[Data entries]
......

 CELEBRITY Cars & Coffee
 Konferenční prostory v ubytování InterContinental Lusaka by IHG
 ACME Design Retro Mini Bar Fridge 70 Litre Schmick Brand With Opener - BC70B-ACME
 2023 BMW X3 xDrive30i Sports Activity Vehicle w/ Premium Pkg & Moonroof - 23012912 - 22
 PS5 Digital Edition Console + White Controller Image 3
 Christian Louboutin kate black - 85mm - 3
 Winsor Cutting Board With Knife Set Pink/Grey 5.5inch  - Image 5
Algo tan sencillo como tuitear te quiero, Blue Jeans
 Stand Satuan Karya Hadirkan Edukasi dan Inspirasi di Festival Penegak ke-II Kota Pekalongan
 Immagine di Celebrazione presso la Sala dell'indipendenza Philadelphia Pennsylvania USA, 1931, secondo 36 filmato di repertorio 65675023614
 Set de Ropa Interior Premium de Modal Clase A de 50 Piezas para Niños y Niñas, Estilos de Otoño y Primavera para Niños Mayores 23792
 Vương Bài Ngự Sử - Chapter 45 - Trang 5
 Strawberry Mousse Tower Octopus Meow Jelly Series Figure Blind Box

......

**Exercise goal:**
Reproduce the preceding records exactly and completely.

**Exercise result:**
 CELEBRITY Cars & Coffee
 Konferenční prostory v ubytování InterContinental Lusaka by IHG
 ACME Design Retro Mini Bar Fridge 70 Litre Schmick Brand With Opener - BC70B-ACME
 2023 BMW X3 xDrive30i Sports Activity Vehicle w/ Premium Pkg & Moonroof - 23012912 - 22
 PS5 Digital Edition Console + White Controller Image 3
 Christian Louboutin kate black - 85mm - 3
 Winsor Cutting Board With Knife Set Pink/Grey 5.5inch  - Image 5
Algo tan sencillo como tuitear te quiero, Blue Jeans
 Stand Satuan Karya Hadirkan Edukasi dan Inspirasi di Festival Penegak ke-II Kota Pekalongan
 Immagine di Celebrazione presso la Sala dell'indipendenza Philadelphia Pennsylvania USA, 1931, secondo 36 filmato di repertorio 65675023614
 Set de Ropa Interior Premium de Modal Clase A de 50 Piezas para Niños y Niñas, Estilos de Otoño y Primavera para Niños Mayores 23792
 Vương Bài Ngự Sử - Chapter 45 - Trang 5
 Strawberry Mousse Tower Octopus Meow Jelly Series Figure Blind Box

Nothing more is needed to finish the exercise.